But there was a bit of a problem: in 2008, very few people were buying properties since the market was dropping so fast, and on top of that, not many properties were selling since there was so much coming on the market for buyers to choose from. However, I quickly found that there was an abundance of people looking to rent a home, and that's where I found my strength as a real estate agent. I would work 6 to 7 days a week, 10 to 12 hours a day, finding people homes and apartments to rent. Slowly but surely, that business built up. Those renters referred me to other renters who referred me to other renters, and really, within the first 6 months or so, I started building up an income of about a few thousand a month.

Then, after almost one year of doing that, I happened to sell my first house through a client that I met holding an open house for another agent. That very first deal that I closed was for $3.6 million, and that meant that my commission, after all the splits and fees, came to about $45,000. Not only was that a life-changing amount of money for me, but it also made me realize that if I could do it once, I had what it takes to do it again. If I just followed that same path, I could make even more money.

Then from there, only 2 months after I sold the first house, I sold another house for $1.2 million to some tenants that I was showing around who decided to buy something instead. After that, the business just kept getting better and better. The more tenants I worked with, the more people they would refer me to, and the higher the chances were that one of them would eventually buy a house. I continued on that trajectory, working with pretty much anyone who was willing to work with me, saving as much money as I could.
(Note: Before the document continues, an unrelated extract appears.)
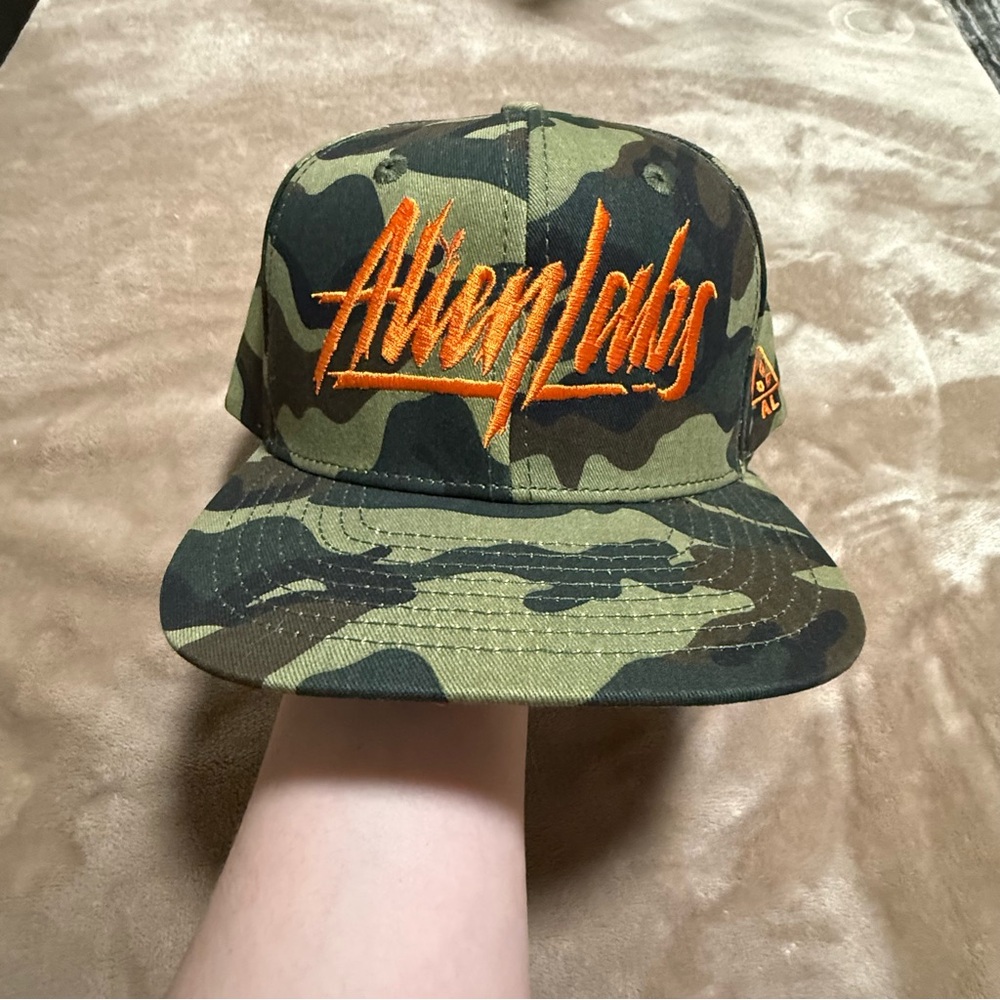 Alienlabs Camo Cannabis Snap Back Flat Bill Baseball Hat - Picture 2 of 15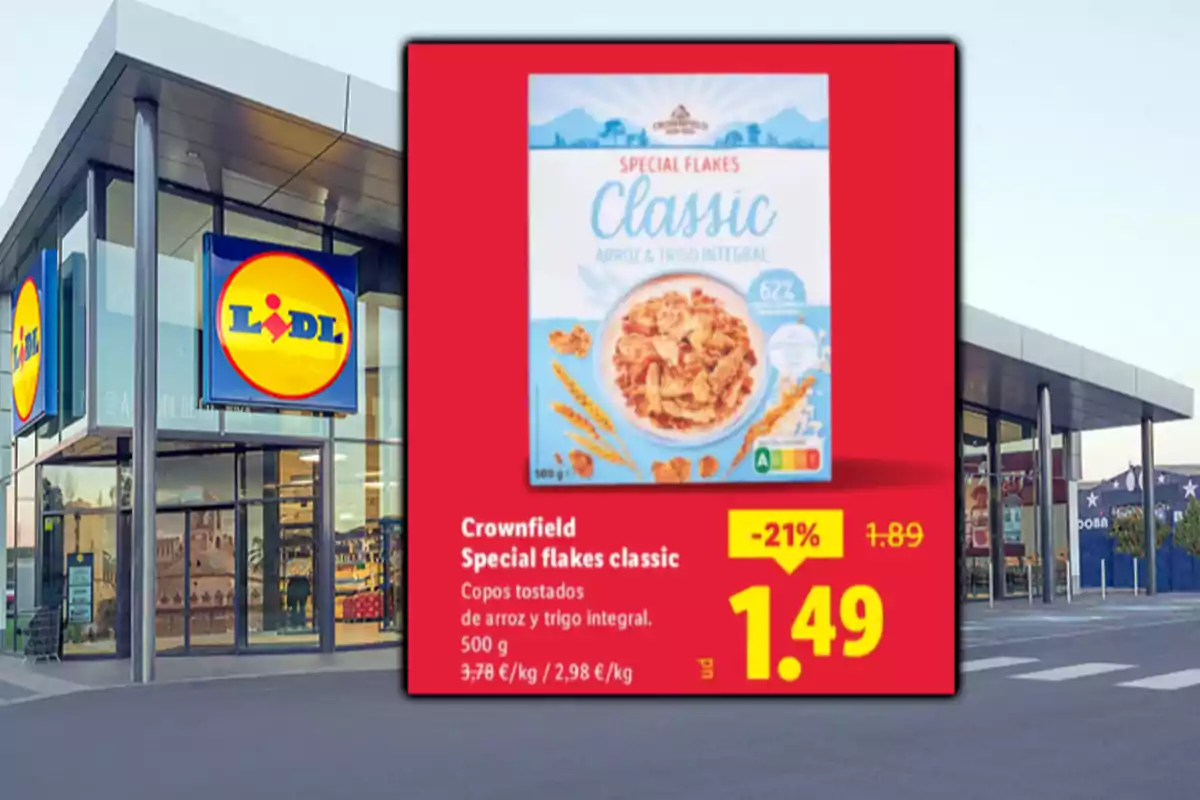 Oferta de copos tostados Crownfield Special flakes classic en Lidl con precio rebajado a 1,49 euros frente a una tienda del supermercado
Within about 3 and a half to 4 years, I had roughly $200,000 saved up. Now, at the time, I really wasn't saving that money for anything in particular. I just knew that my career as a real estate agent was so inconsistent that I didn't know when I would close my next deal or how long it would take or how much it would be, so I just felt safer saving as much as I could.

But in late 2011, the real estate market was absolutely awful. Properties were selling for less than half the price that they were a few years prior. It was around that time that I started to notice some really wealthy, smart investors buying up real estate. So, I figured if all of these other people were doing this, then it's probably something I should be doing too. After months of searching, learning, and writing offers, I bought this property for $559,500, and since it was a bank-owned property, I had to pay for it in cash.

I then spent another $112,000 doing some minor upgrades, and today that home rents for $1,800 a month. The value of that area has also gone up substantially, and now it's worth somewhere about $380,000. I still own it; I still rent it; and I have no intention of ever selling this one, especially because it was the first deal that got me into real estate to begin with.

Now, my second rental property was another single-family home that I bought shortly after the first one for $72,000 in the same neighborhood. See, when I first started looking at real estate to buy, I only focused on a few neighborhoods that I felt were undervalued and had sufficient cash flow potential. But there was a bit of a problem with that because every single property that I was looking at was what was called a short sale. This is what happened when the owner of a property had a mortgage higher than what the home was actually worth. Like, for example, back then someone might have had a $300,000 mortgage on a property that was now only worth $110,000.

In most of those cases, the owner could either no longer afford to make the payments or they don't want to make the payments, so they go to the bank and ask for what's called short sale approval, meaning the bank will agree to sell it to somebody else for a much lower price so that way the bank could get some of their money back on the deal instead of spending years foreclosing on the owner only to take the property back and have to sell it for a fraction of what it's worth anyway.

However, in 2011, since banks were inundated with short sales, the process could often take upwards of a year. The way it would work is that a seller would list the property on the market, accept an offer, send that offer to the bank, and then you patiently wait for the bank to accept or reject it. Usually, about 4 to 8 months would go by before you hear anything from the bank, and usually when they do get back they'll ask for a slightly higher price from the buyer, at which point it's up to the buyer if they want to proceed or back out. But then if the buyer backs out, the seller is able to sell it to anyone else at the price the bank agreed on.

So, I pretty much took this process as an open invite to write as many offers as possible, knowing that if the offer didn't get accepted, it's no big deal. And if it did get accepted, then I'd have to wait months to hear back anyway, at which point I could back out if I no longer wanted the deal. Now, this second property was one of those offers, and when it came back with short sale approval, I jumped on it. Like I mentioned, I bought it for $72,000, paid for with cash, and then I spent another $8,000 fixing it up, and rented it out for $1,150 a month.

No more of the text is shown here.